- Goal of the exercise: From the line containing "Stehender Applaus für" through the last line of the entries, output the text exactly. Pictures stay out.

(Image-caption web data)
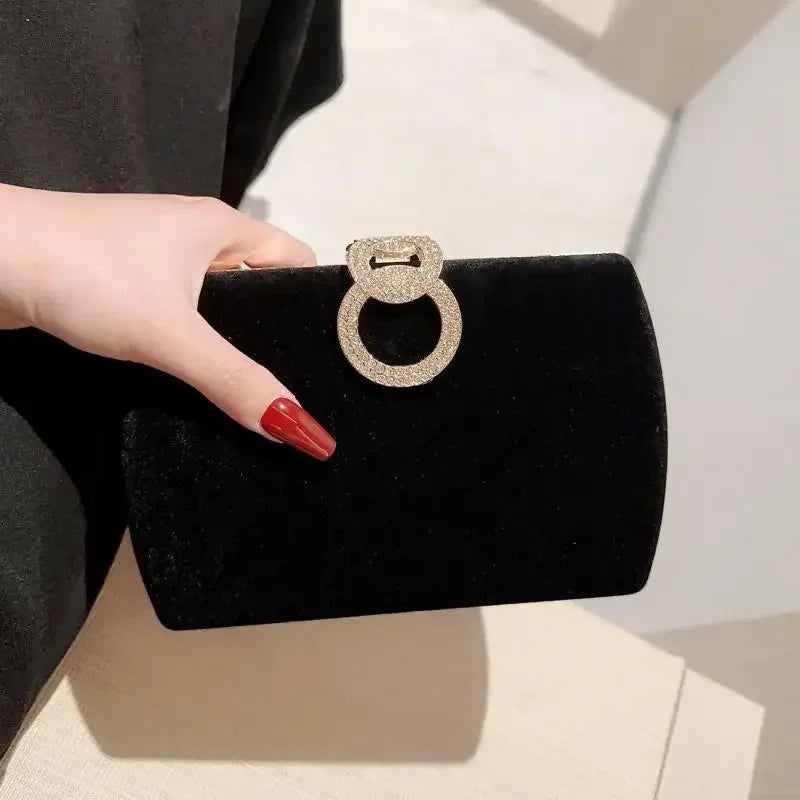Omari | Elegant Svart Clutchväska – För Tidlös Stil och Funktionalitet 2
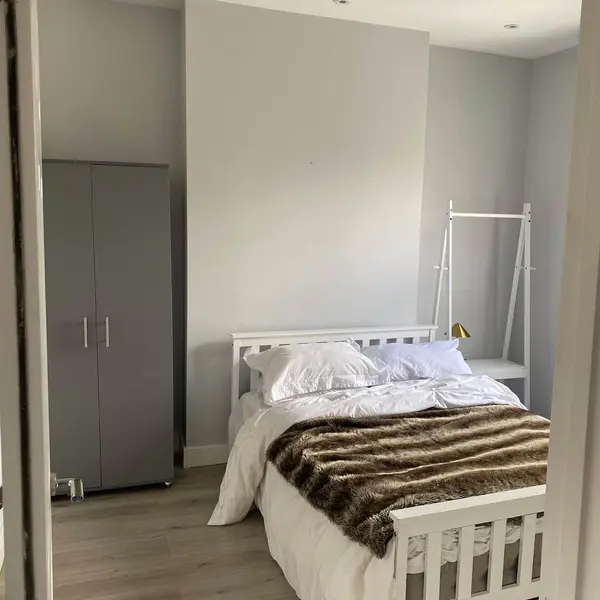 London N8, UK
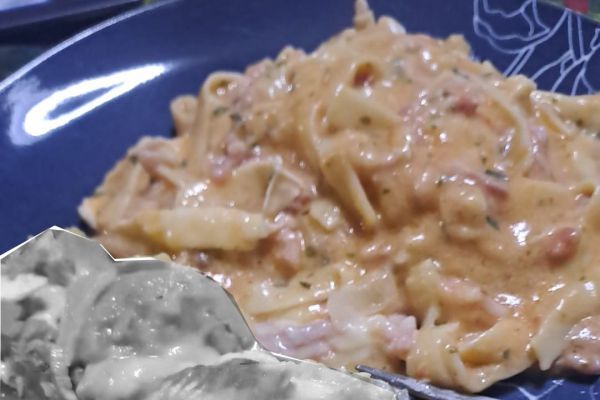 Recette One pot tagliatelles chèvre et lardinettes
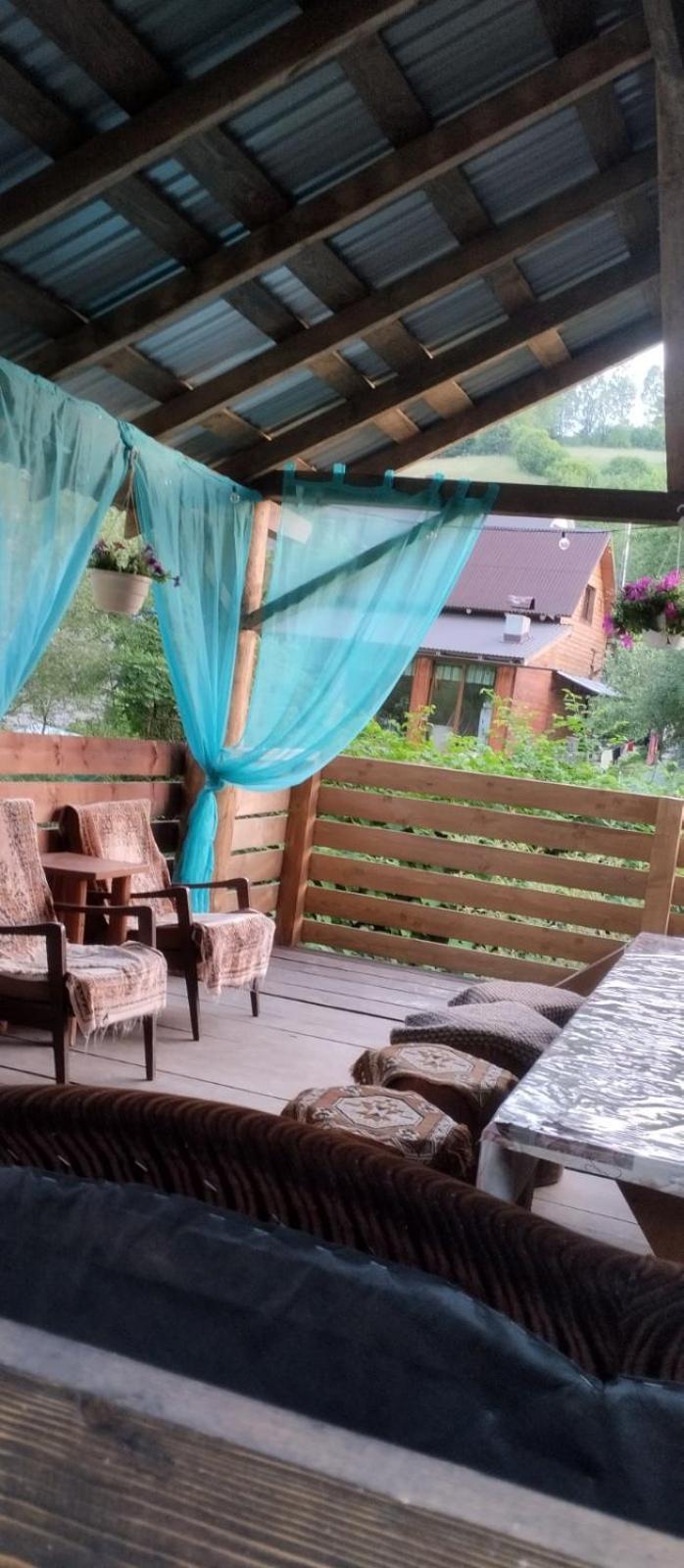 فندق Gostynnyi Dvir U Marichky لازيتشينا المظهر الخارجي الصورة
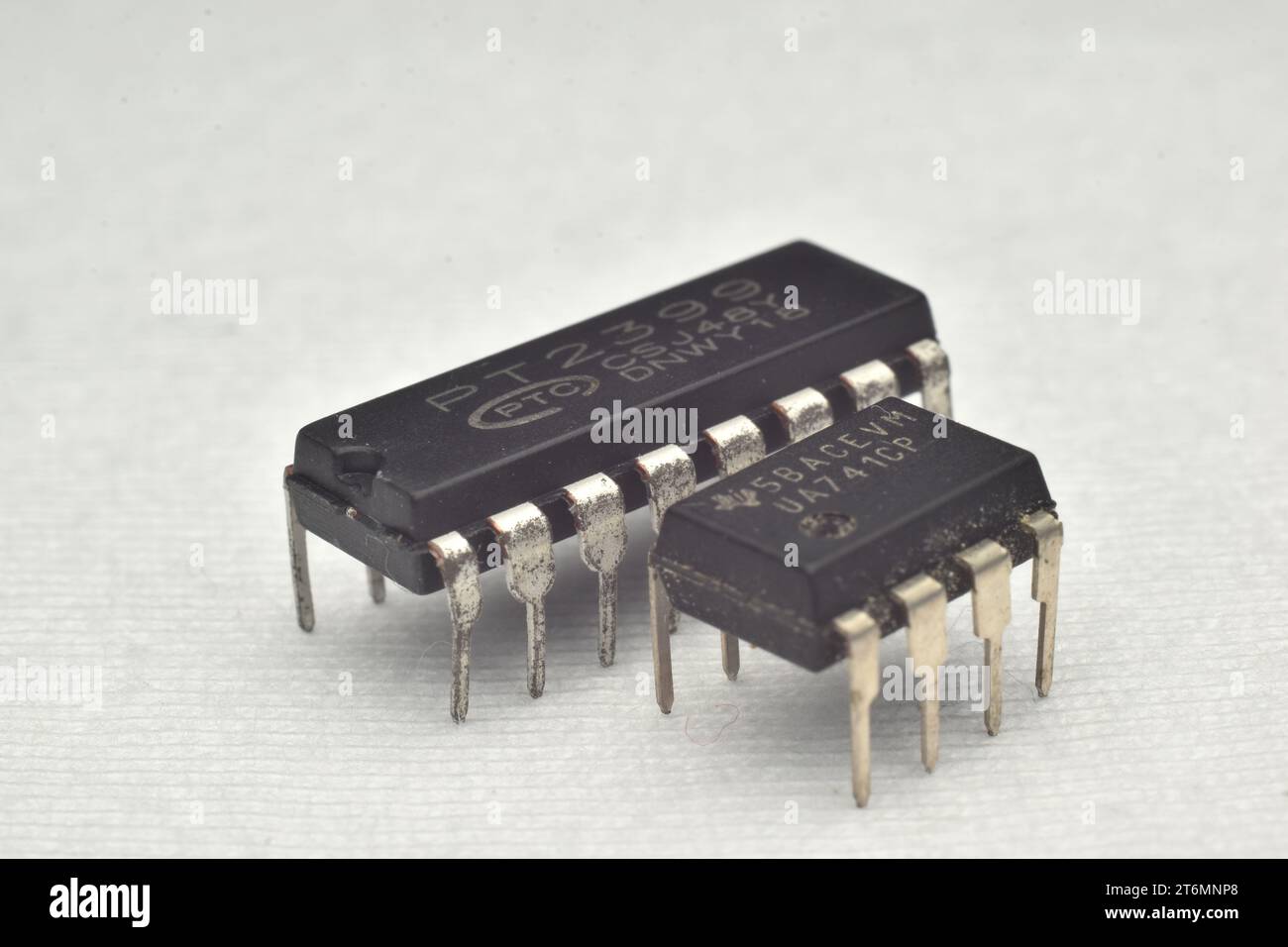 Electronic discrete hi-res stock photography and images - Alamy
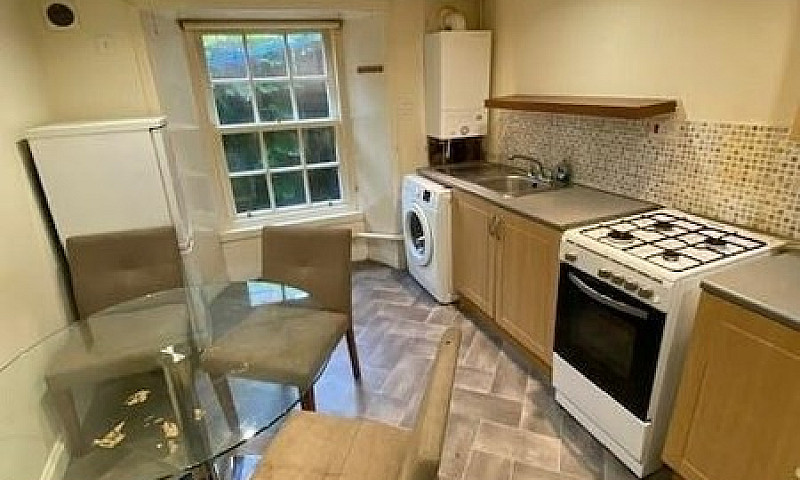 2 Bedroom Flat In Ro...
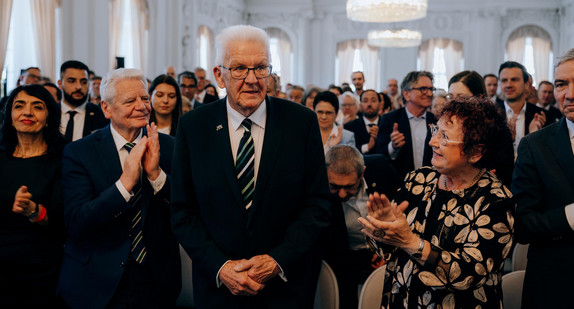 Stehender Applaus für Ministerpräsident Winfried Kretschmann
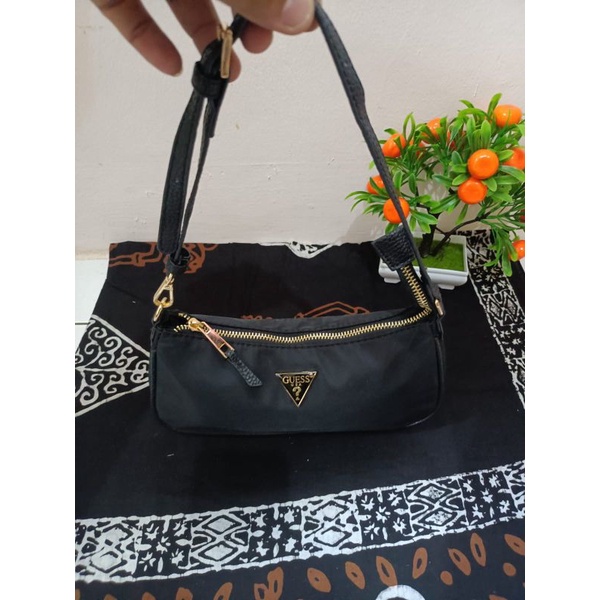 Preloved Tas Guess Hitam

- Exercise result:
 Stehender Applaus für Ministerpräsident Winfried Kretschmann
 Preloved Tas Guess Hitam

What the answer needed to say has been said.